-- Opening Marker --
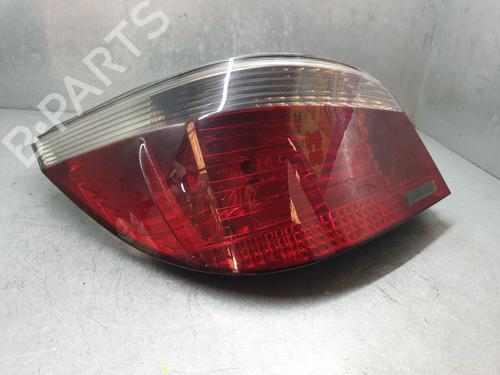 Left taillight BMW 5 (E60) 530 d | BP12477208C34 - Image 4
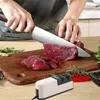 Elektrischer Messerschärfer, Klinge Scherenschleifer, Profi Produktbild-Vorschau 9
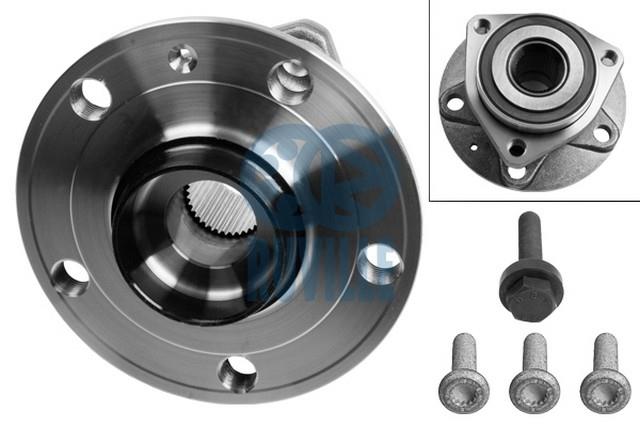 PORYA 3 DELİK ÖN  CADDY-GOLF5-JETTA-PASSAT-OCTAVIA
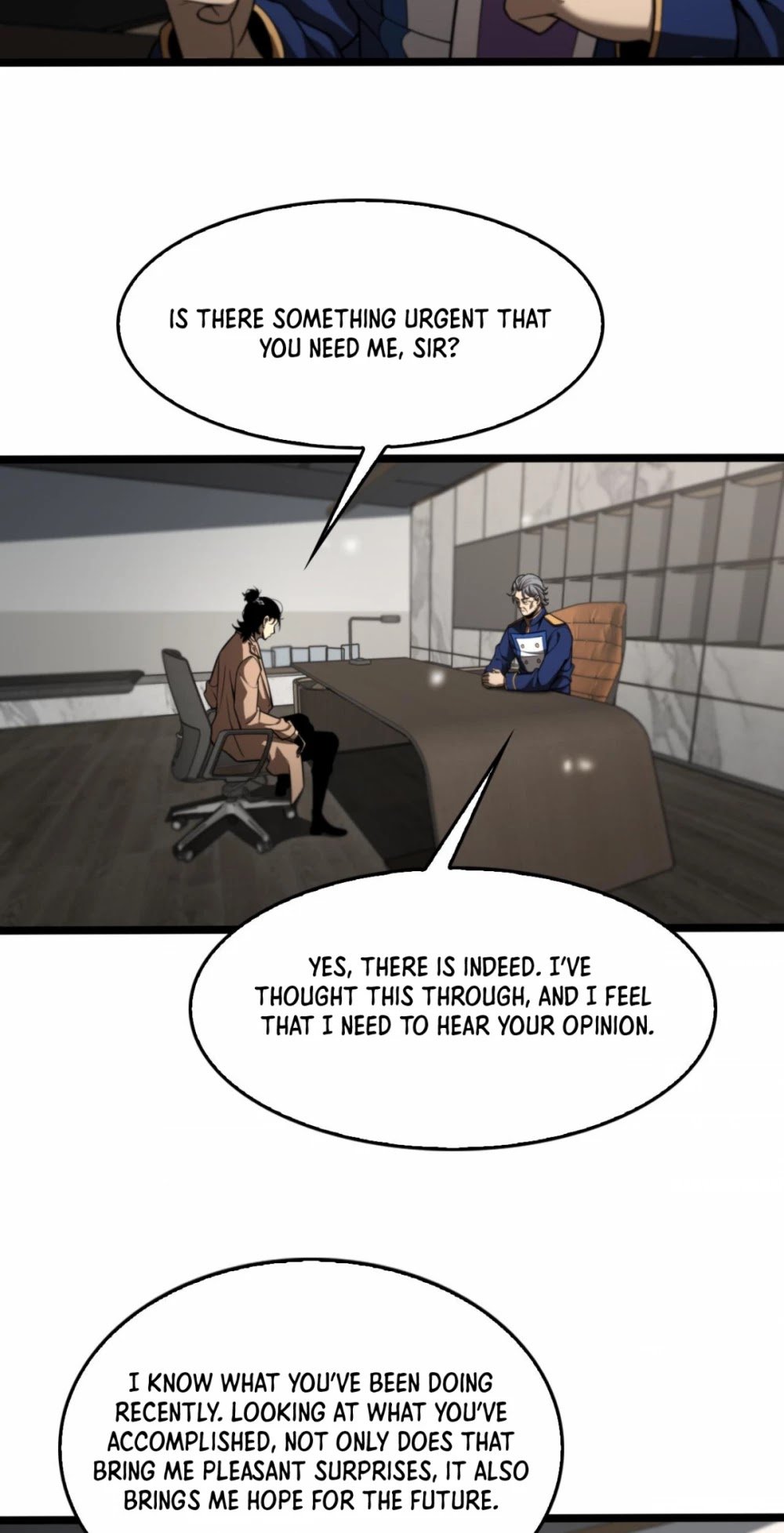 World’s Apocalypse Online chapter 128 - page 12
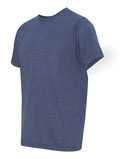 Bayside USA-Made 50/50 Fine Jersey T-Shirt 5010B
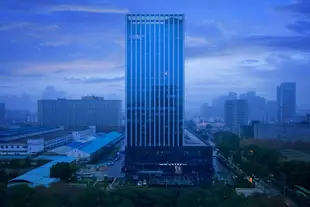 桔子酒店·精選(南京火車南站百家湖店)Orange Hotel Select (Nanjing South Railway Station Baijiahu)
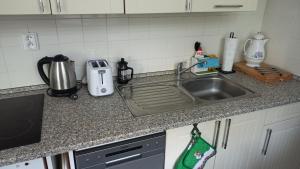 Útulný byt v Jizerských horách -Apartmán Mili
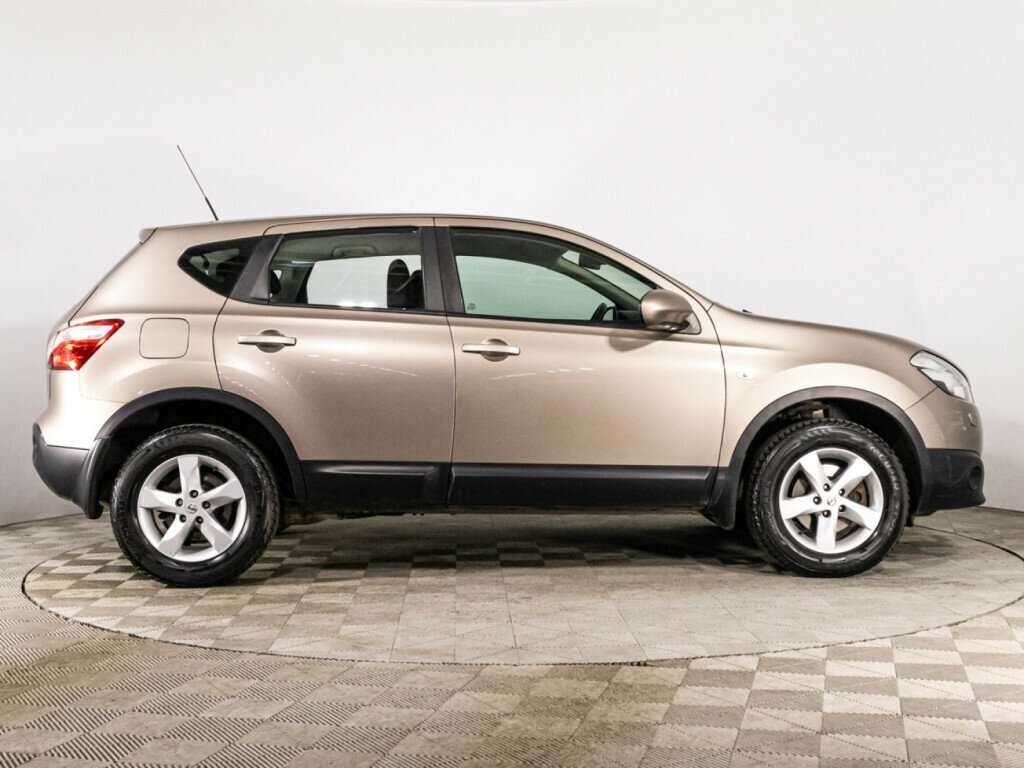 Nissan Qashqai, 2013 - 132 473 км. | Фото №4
-- Closing Marker --
§ What to do: Reproduce only the lines from the line that holds "Elektrischer Messerschärfer, Klinge" through the end of the records, exactly as they stand, both ends included and pictures excluded.

§ Response below:
 Elektrischer Messerschärfer, Klinge Scherenschleifer, Profi Produktbild-Vorschau 9
 PORYA 3 DELİK ÖN  CADDY-GOLF5-JETTA-PASSAT-OCTAVIA
 World’s Apocalypse Online chapter 128 - page 12
 Bayside USA-Made 50/50 Fine Jersey T-Shirt 5010B
 桔子酒店·精選(南京火車南站百家湖店)Orange Hotel Select (Nanjing South Railway Station Baijiahu)
 Útulný byt v Jizerských horách -Apartmán Mili
 Nissan Qashqai, 2013 - 132 473 км. | Фото №4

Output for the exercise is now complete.